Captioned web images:
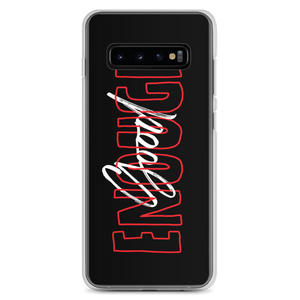 Samsung Galaxy S10+ Good Enough Samsung Case by Design Express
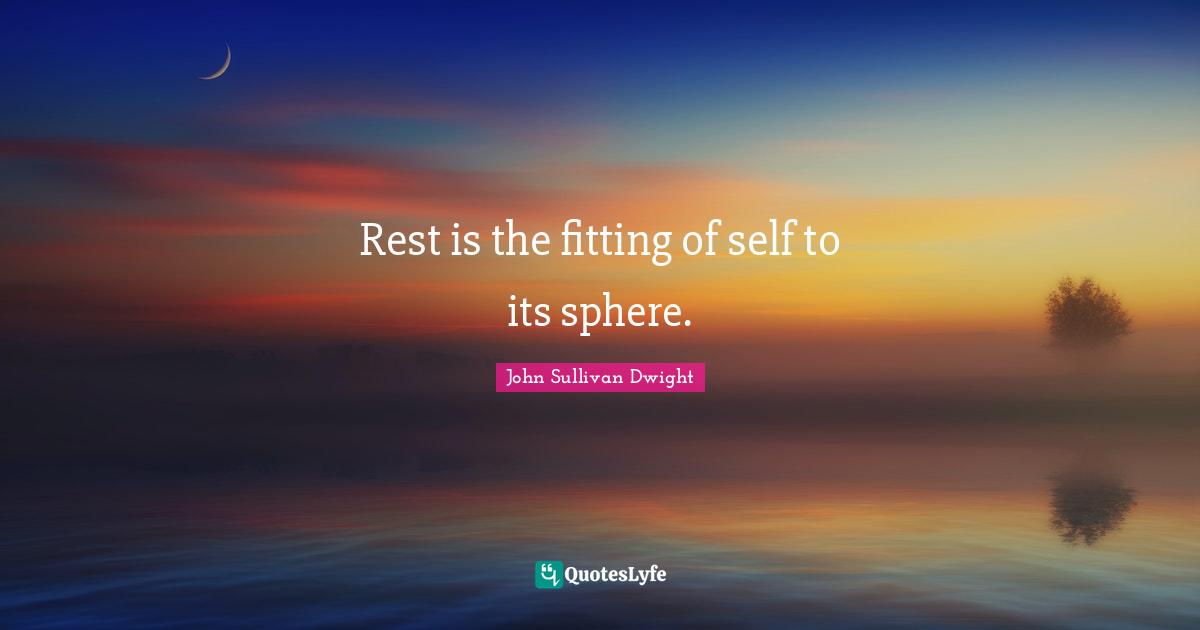 Rest is the fitting of self to its sphere.
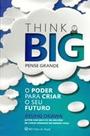 Think big - pense grande - IRH PRESS DO BRASIL EDITORA Think big - pense grande - IRH PRESS DO BRASIL EDITORA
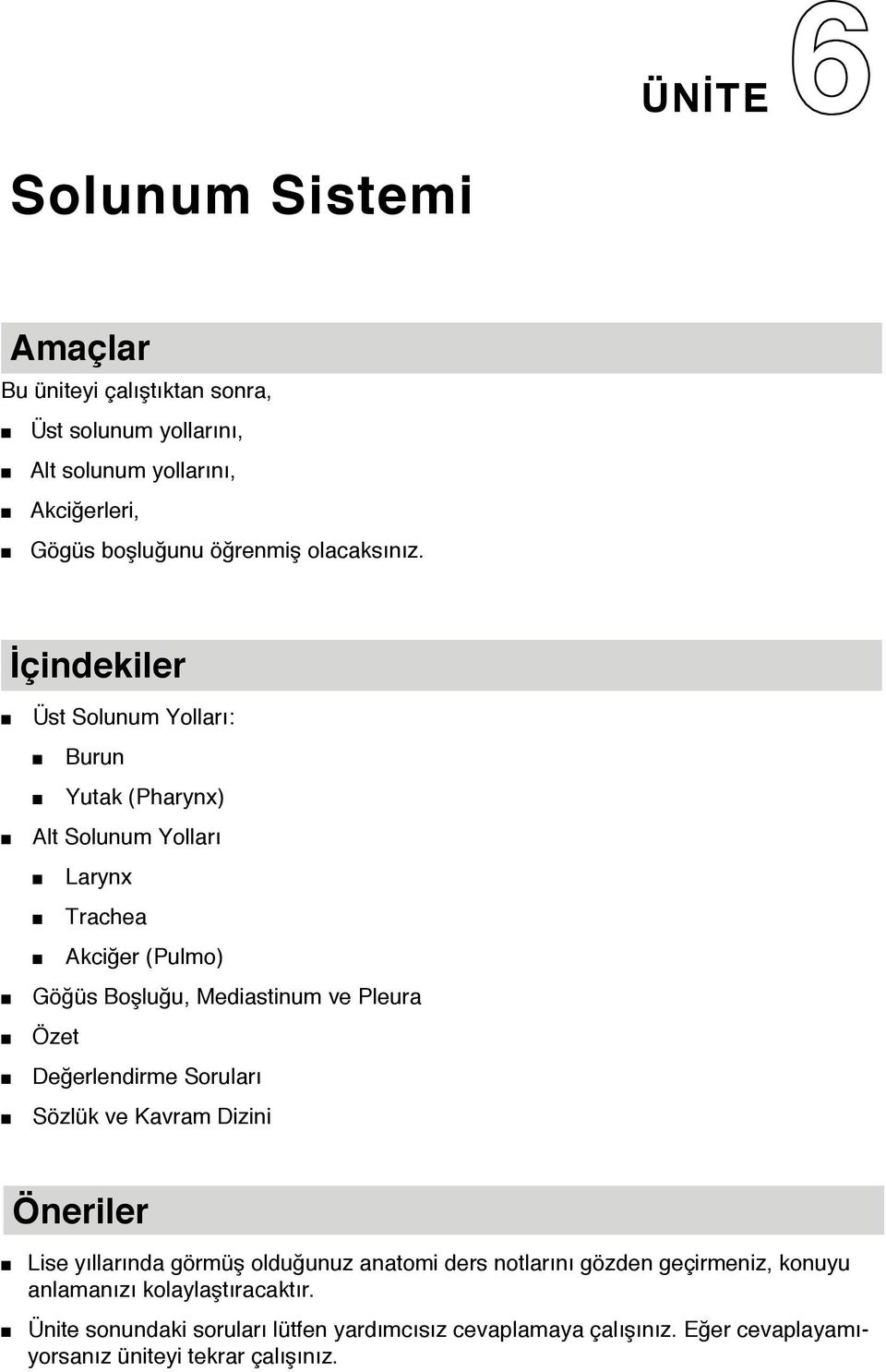 İçindekiler Üst Solunum Yolları: Burun Yutak (Pharynx) Alt Solunum Yolları Larynx Trachea Akciğer (Pulmo) Göğüs Boşluğu, Mediastinum ve Pleura Özet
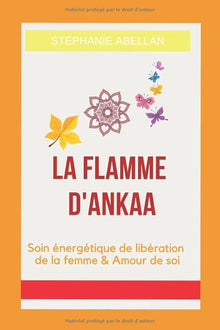 La flamme d'Ankaa: Soin énergétique de libération de la femme & Amour de soi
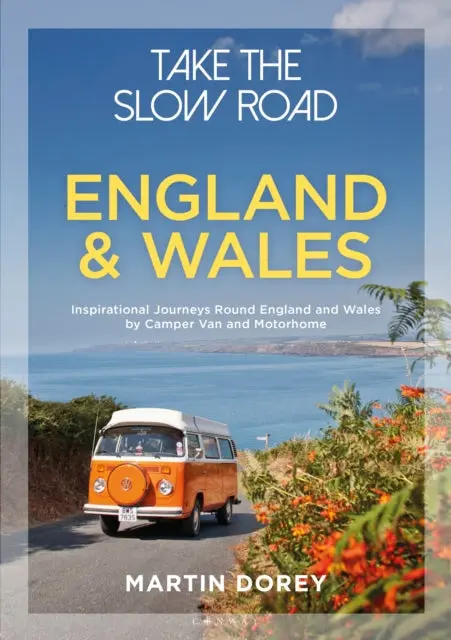 Take The Slow Road: England And Wales By Martin Dorey 1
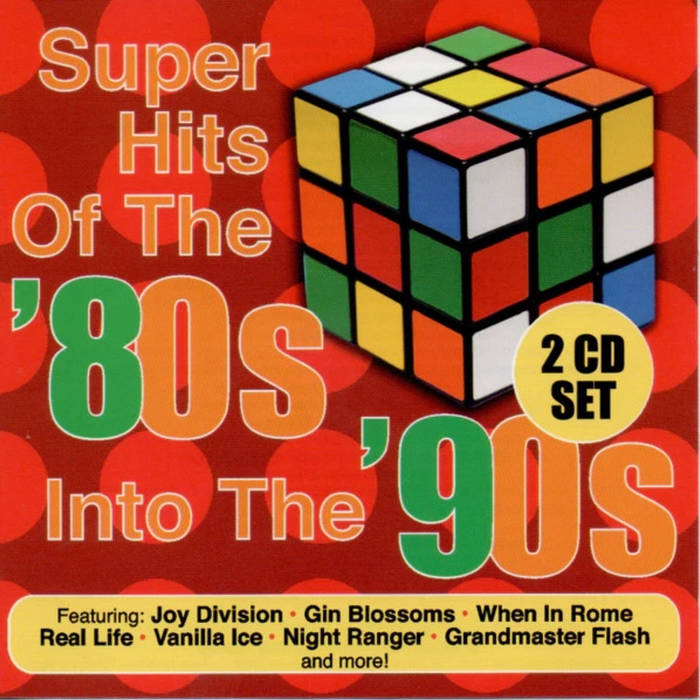 Super Hits Of The '80s Into The '90s (Re-Recorded / Remastered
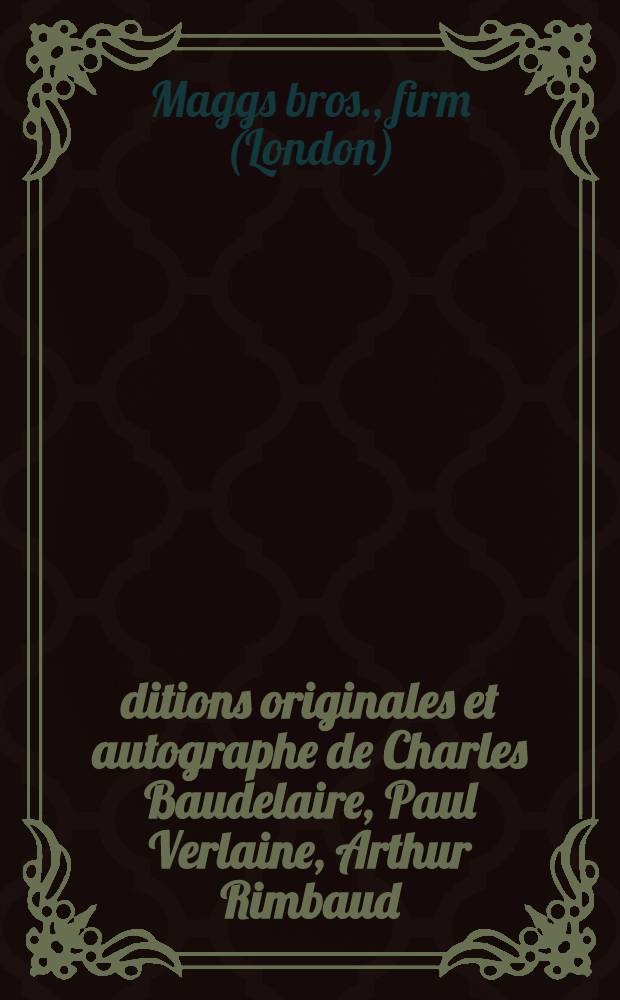 Éditions originales et autographe de Charles Baudelaire, Paul Verlaine, Arthur Rimbaud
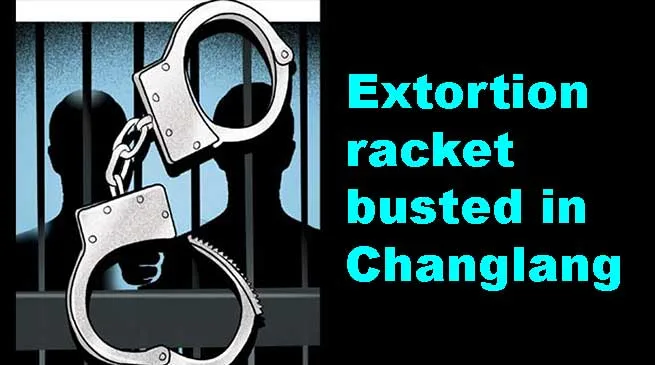 Arunachal: Extortion racket busted in Changlang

▸ THE PROBLEM
Output a verbatim copy of the entries and skip the pictures.

▸ EXERCISE RESPONSE
 Samsung Galaxy S10+ Good Enough Samsung Case by Design Express
 Rest is the fitting of self to its sphere.
 Think big - pense grande - IRH PRESS DO BRASIL EDITORA Think big - pense grande - IRH PRESS DO BRASIL EDITORA
 İçindekiler Üst Solunum Yolları: Burun Yutak (Pharynx) Alt Solunum Yolları Larynx Trachea Akciğer (Pulmo) Göğüs Boşluğu, Mediastinum ve Pleura Özet
 La flamme d'Ankaa: Soin énergétique de libération de la femme & Amour de soi
 Take The Slow Road: England And Wales By Martin Dorey 1
 Super Hits Of The '80s Into The '90s (Re-Recorded / Remastered
 Éditions originales et autographe de Charles Baudelaire, Paul Verlaine, Arthur Rimbaud
 Arunachal: Extortion racket busted in Changlang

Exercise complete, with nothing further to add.